## What is needed
Return the listing exactly as it appears, but strip out the images.

## Data provided
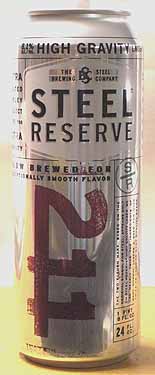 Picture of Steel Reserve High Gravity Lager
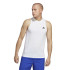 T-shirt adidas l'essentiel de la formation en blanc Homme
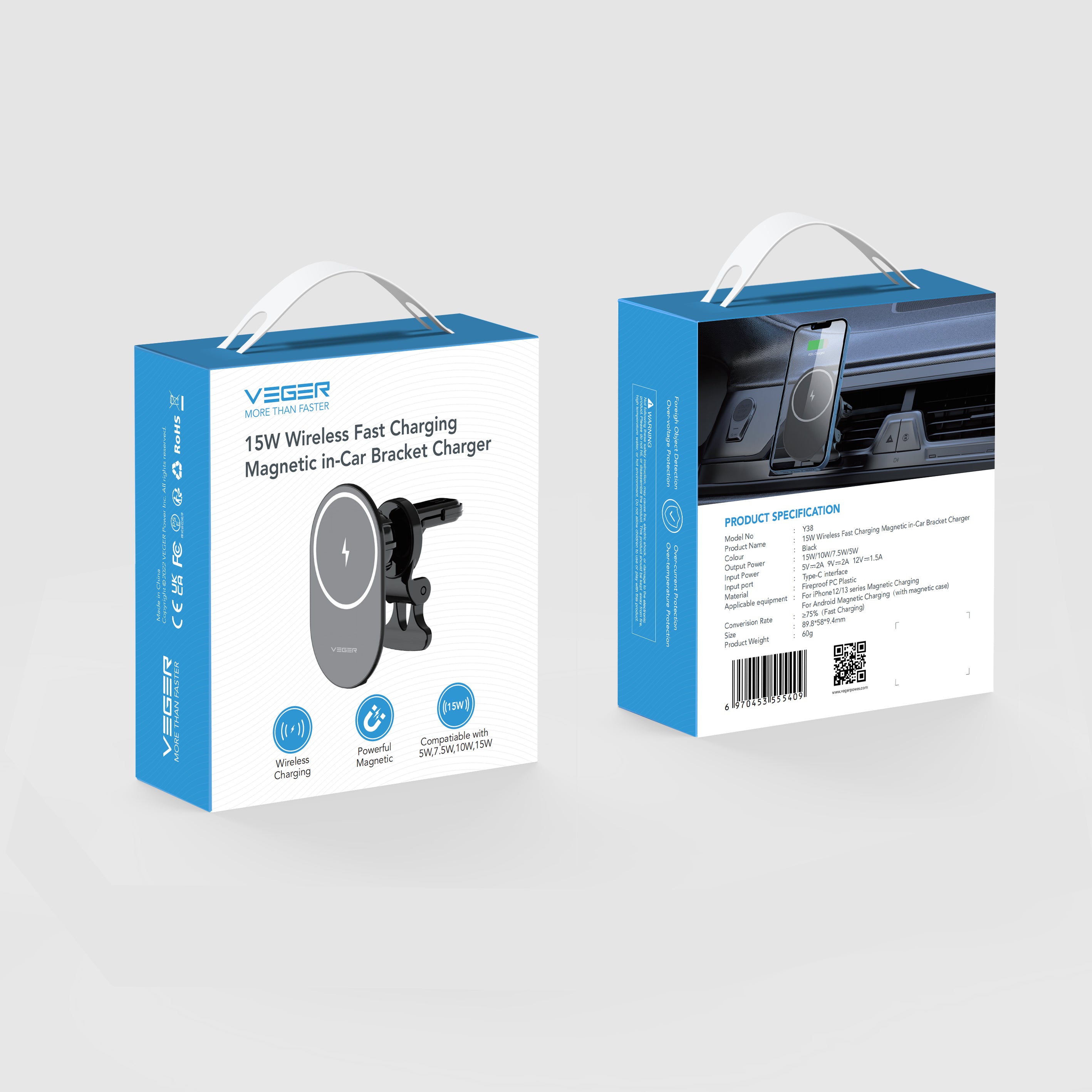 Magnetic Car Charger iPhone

## Result
 Picture of Steel Reserve High Gravity Lager
 T-shirt adidas l'essentiel de la formation en blanc Homme
 Magnetic Car Charger iPhone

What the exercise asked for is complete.